╭──
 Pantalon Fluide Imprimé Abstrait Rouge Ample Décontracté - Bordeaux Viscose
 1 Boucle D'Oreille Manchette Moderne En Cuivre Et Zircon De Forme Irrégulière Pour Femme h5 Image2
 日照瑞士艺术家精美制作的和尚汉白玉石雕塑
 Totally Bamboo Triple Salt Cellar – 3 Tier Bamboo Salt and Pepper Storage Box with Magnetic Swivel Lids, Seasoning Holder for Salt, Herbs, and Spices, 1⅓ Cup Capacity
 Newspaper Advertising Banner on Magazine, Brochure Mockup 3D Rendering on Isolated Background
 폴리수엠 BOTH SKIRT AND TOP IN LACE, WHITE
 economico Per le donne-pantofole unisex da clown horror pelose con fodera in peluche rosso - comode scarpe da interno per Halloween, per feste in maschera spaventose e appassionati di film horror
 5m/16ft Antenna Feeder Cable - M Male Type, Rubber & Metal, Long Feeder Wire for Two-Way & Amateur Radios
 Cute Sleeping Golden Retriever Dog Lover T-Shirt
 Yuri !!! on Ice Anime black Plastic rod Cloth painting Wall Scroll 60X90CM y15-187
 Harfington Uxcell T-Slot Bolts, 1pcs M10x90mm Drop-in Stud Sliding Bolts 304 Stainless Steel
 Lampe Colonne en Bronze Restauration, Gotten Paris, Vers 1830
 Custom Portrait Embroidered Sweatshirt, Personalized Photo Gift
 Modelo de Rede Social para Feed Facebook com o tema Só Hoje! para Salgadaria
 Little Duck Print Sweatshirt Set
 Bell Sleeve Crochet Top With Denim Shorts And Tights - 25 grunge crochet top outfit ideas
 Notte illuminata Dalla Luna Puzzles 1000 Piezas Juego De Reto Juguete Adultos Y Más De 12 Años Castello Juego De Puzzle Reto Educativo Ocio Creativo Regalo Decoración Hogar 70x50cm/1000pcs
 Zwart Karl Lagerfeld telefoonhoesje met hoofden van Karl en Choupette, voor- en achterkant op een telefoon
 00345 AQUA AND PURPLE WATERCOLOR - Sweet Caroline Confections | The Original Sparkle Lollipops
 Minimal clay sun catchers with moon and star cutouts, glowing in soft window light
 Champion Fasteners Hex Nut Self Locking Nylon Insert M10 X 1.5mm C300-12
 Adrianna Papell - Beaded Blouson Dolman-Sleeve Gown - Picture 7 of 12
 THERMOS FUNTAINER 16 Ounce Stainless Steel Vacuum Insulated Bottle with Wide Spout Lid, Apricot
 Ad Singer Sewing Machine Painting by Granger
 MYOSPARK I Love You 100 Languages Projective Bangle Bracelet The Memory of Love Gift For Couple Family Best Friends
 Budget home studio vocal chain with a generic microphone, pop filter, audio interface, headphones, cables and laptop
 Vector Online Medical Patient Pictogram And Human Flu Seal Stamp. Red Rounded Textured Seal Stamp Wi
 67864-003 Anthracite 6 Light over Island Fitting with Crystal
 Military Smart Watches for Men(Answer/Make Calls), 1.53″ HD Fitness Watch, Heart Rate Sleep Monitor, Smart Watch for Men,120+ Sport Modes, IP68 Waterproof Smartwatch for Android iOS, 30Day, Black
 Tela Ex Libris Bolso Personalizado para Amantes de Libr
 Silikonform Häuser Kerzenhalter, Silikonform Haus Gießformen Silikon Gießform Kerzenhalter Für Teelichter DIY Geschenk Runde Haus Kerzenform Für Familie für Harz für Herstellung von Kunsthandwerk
╰──
Goal of the exercise
Every entry is to be copied exactly, with none omitted.

Output for this exercise
 Pantalon Fluide Imprimé Abstrait Rouge Ample Décontracté - Bordeaux Viscose
 1 Boucle D'Oreille Manchette Moderne En Cuivre Et Zircon De Forme Irrégulière Pour Femme h5 Image2
 日照瑞士艺术家精美制作的和尚汉白玉石雕塑
 Totally Bamboo Triple Salt Cellar – 3 Tier Bamboo Salt and Pepper Storage Box with Magnetic Swivel Lids, Seasoning Holder for Salt, Herbs, and Spices, 1⅓ Cup Capacity
 Newspaper Advertising Banner on Magazine, Brochure Mockup 3D Rendering on Isolated Background
 폴리수엠 BOTH SKIRT AND TOP IN LACE, WHITE
 economico Per le donne-pantofole unisex da clown horror pelose con fodera in peluche rosso - comode scarpe da interno per Halloween, per feste in maschera spaventose e appassionati di film horror
 5m/16ft Antenna Feeder Cable - M Male Type, Rubber & Metal, Long Feeder Wire for Two-Way & Amateur Radios
 Cute Sleeping Golden Retriever Dog Lover T-Shirt
 Yuri !!! on Ice Anime black Plastic rod Cloth painting Wall Scroll 60X90CM y15-187
 Harfington Uxcell T-Slot Bolts, 1pcs M10x90mm Drop-in Stud Sliding Bolts 304 Stainless Steel
 Lampe Colonne en Bronze Restauration, Gotten Paris, Vers 1830
 Custom Portrait Embroidered Sweatshirt, Personalized Photo Gift
 Modelo de Rede Social para Feed Facebook com o tema Só Hoje! para Salgadaria
 Little Duck Print Sweatshirt Set
 Bell Sleeve Crochet Top With Denim Shorts And Tights - 25 grunge crochet top outfit ideas
 Notte illuminata Dalla Luna Puzzles 1000 Piezas Juego De Reto Juguete Adultos Y Más De 12 Años Castello Juego De Puzzle Reto Educativo Ocio Creativo Regalo Decoración Hogar 70x50cm/1000pcs
 Zwart Karl Lagerfeld telefoonhoesje met hoofden van Karl en Choupette, voor- en achterkant op een telefoon
 00345 AQUA AND PURPLE WATERCOLOR - Sweet Caroline Confections | The Original Sparkle Lollipops
 Minimal clay sun catchers with moon and star cutouts, glowing in soft window light
 Champion Fasteners Hex Nut Self Locking Nylon Insert M10 X 1.5mm C300-12
 Adrianna Papell - Beaded Blouson Dolman-Sleeve Gown - Picture 7 of 12
 THERMOS FUNTAINER 16 Ounce Stainless Steel Vacuum Insulated Bottle with Wide Spout Lid, Apricot
 Ad Singer Sewing Machine Painting by Granger
 MYOSPARK I Love You 100 Languages Projective Bangle Bracelet The Memory of Love Gift For Couple Family Best Friends
 Budget home studio vocal chain with a generic microphone, pop filter, audio interface, headphones, cables and laptop
 Vector Online Medical Patient Pictogram And Human Flu Seal Stamp. Red Rounded Textured Seal Stamp Wi
 67864-003 Anthracite 6 Light over Island Fitting with Crystal
 Military Smart Watches for Men(Answer/Make Calls), 1.53″ HD Fitness Watch, Heart Rate Sleep Monitor, Smart Watch for Men,120+ Sport Modes, IP68 Waterproof Smartwatch for Android iOS, 30Day, Black
 Tela Ex Libris Bolso Personalizado para Amantes de Libr
 Silikonform Häuser Kerzenhalter, Silikonform Haus Gießformen Silikon Gießform Kerzenhalter Für Teelichter DIY Geschenk Runde Haus Kerzenform Für Familie für Harz für Herstellung von Kunsthandwerk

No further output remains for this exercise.